In the nightcap, North Carolina also had to overcome an early deficit in its 8-5 victory over Mississippi State. The Tar Heels fell behind 4-0 almost before the National Anthem had been completed. In yet another display of shaky starting pitching, neither starter in this game was able to get through more than 5.1 innings. While the score was much lower, this game was remarkably similar in the way it played out to the first game. The Bulldogs of MSU came out swinging to score their early lead, only to be overcome by the superior pitching depth of UNC. The Tar Heels were able to stick eight unanswered runs on the board to take the lead for good, before MSU got a run late to close the scoring. While not as fast paced as the first game, this matchup completed a very good first day at the College World Series.

A note about yesterday's post, "belmont" accurately pointed out in his comment my error in saying that Arizona State had played UCLA in their Super Regional when they in fact beat Ole Miss to get to Omaha. I got the series mixed up with the Cal St. Fullerton Super Regional. Thanks to belmont for being on the ball there.

Bonds' Greeted in Boston with Asteriks

Barry Bonds made his first ever trip to Fenway Park tonight as the Giants squared off against the Red Sox. As Bonds walked to the plate for his first at bat, some fans were seen holding up pieces of paper with large asterisks on them, clearly stating their belief that the career home run record which Bonds is about to break will be a tainted accomplishment. Now I am a Red Sox fan and normally I find the Fenway faithful's antics both clever and amusing. My favorite has to be a tshirt some fans made for Johnny Damon's first trip to Boston as a Yankee which had a picture of Damon's face on the front and on the back it read, "Looks like Jesus, Throws like Mary, Actus like Judas." Now that's pretty good stuff right there. However I can't say I agree with the Boston fans on this one. To this point I haven't weighed in on the steroids issue here on Big O Sports Blog, and I hope to not have to do so again, but its relevant in this situation so here goes. First of all, Bonds has been under the microscope for a good long time now, and Major League Baseball has yet to pin a positive steroid test on him. This is the country of being innocent until PROVEN guilty still right? But that really isn't even the point. My second and most important contention is this; everyone was doing steroids in baseball. The pitchers, the hitters, probably the bat boys and the public address announcer too. Maybe even the guy that throws batting practice. You cannot arbitrarily decide to put asterisks next to certain things because they matter to you. If you want the steroid aided accomplishments to not count for anything then you'd have to wipe out an at least entire decade of everything that happened in pro baseball.

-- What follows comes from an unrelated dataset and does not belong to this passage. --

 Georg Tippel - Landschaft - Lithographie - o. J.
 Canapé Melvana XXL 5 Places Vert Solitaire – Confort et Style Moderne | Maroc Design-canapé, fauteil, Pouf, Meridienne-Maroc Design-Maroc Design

Baseball is a game that goes through phases and corrective periods. Should the marks pitcher's like Bob Gibson put up have an asterisk next to them because they were pitching from a more elevated mound? No, it is just how the game was at the time and people accept that. You have to remember that using performance enhancing drugs wasn't even against the rules in baseball until a few years ago. Bonds would not have been doing anything against the rules during the time period in which most people allege that he used steroids. How can he be a cheater if he wasn't breaking any rules?

Well that wraps it up for today. I respect everyone who can make a coherent argument on the case of steroids in baseball just to make that clear before you decide to rip into me about this in any comments you might make. Hope you enjoy your weekend and don't forget to tune into the CWS.

1 comment:

Minda said...

I won't comment on Barry Bonds here, because I've written pretty exhaustively about him at http://minda33.blogspot.com/2006/10/barry-bnds.html and http://minda33.blogspot.com/2007/03/actual-writing.html

"My" team for the CWS is definitely Oregon State. How cool would back-to-back titles be for a Beaver team that came out of nowhere last year? I cannot jump on the UC Irvine bandwagon because I had personal stake in whether or not WSU made it, so UCI can go poop on themselves as far as I'm concerned.

Have fun actually attending CWS games, I'll be sitting at home bitterly watching on TV instead. My life sucks.